I miei gemiti sono soffocati dai suoi baci …
·       Shhh … fa piano, altrimenti (aahh) vengono si a vedere … (aahh) che … succede qui … …
 … non ti fermare … non ti fermare! … cazzo! Non posso fare niente (aaahh) devi fare tutto … tu Isabella! Se potessi … credimi (aaahh) non te lo scorderesti … di certo!
·       Ne sono … sicura AAAAHH!!
·       Shhhh … … aumenta il ritmo Isabella, ti … prego! … così … così… così sììì!!!
Sono al limite, questo ritmo serrato è troppo  … sento le sue dita toccarmi, piccoli cerchi sulla mia eccitazione, sento le ondate di piacere partire dallo stomaco ed arrivare fino lì, in quel fascio di nervi gonfi e tesi. Mi contraggo attorno a lui, soffoco un urlo sulla sua spalla! Un orgasmo così intenso non l’ho mai provato, con nessuno, nemmeno con Mike! Lui mi segue e viene a lunghi fiotti caldi. La testa all’indietro, gli occhi semichiusi, totalmente abbandonato a me. Poi mi guarda, ancora il respiro affannato.
·       Dio mio Edward … erano anni che non … ma cazzo! – mi tremano le gambe e il fiato stenta a tornare –
·       Tu no hai idea di come mi senta … vorrei rimanere e lasciare il mondo fuori di qui
·       Ti capisco eccome
·       Mi parlerai di te, Isabella?
·       Lo farò, ma non ora. Meglio andare altrimenti ci danno per dispersi e Carlisle impazzirebbe
·       Come mai lo chiami per nome?
·       E’ una lunga storia, non ora. Vieni, ti aiuto.

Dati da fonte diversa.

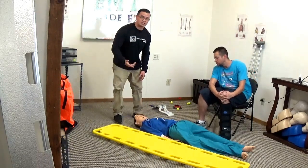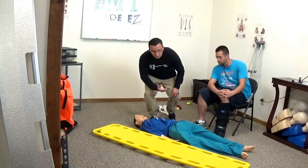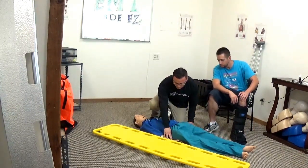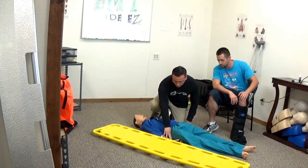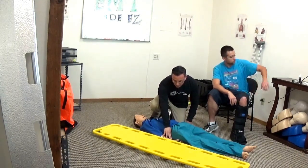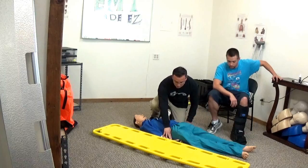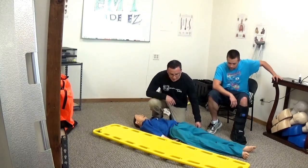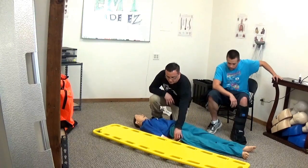After that you're going to check for CMS — circulation, motor, and sensory. Check for pulses on both radial sides and ask if pulses are present. Then tell the patient to squeeze your fingers and ask which finger it is that you are touching.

Raggiungiamo la piattaforma che gli consente di rimettersi in carrozzina senza sforzi ulteriori. Lo aiuto a rivestirsi e rivesto anche me stessa. Come spiegare che sarò completamente bagnata, sarà interessante. Con mia sorpresa mi attira a se, sulle sue ginocchia, mi abbraccia in vita, mi bacia di nuovo, con più confidenza, senza aspettare conferme.
·       Che ci sta succedendo?
·       Non lo so ma è come se ci conoscessimo da una vita
·       Già … ti prego promettimi una cosa, Bella
·       Cosa?
·       Promettimi che non dimenticherai mai ciò che abbiamo provato poco fa, qualunque cosa accada
·       E tu promettimi che non è stato solo un capriccio, non lo sopporterei
·       Fosse stato uno sfizio avrei scelto Jessica o chiunque altra mi fosse venuta a tiro. Io ho fatto l’amore con te Isabella, non lo scordare mai!
·       Va bene! – piango di nuovo, inevitabile!
·       Non piangere, ti prego … ti voglio felice … Mi spiace …
·       Per cosa?
·       devo dirtelo, anche se ho paura a farlo …
·       Dirmi cosa?
·       Credo proprio di essermi innamorando di te
·       Lo credo anch’io.
Ritorniamo in reparto, separati. Angela sorride, io la ripago con un “ci vediamo dopo” minaccioso ma ironico!
E’ la cosa più assurda che potessi aver immaginato, ma credo proprio di amare Edward Masen.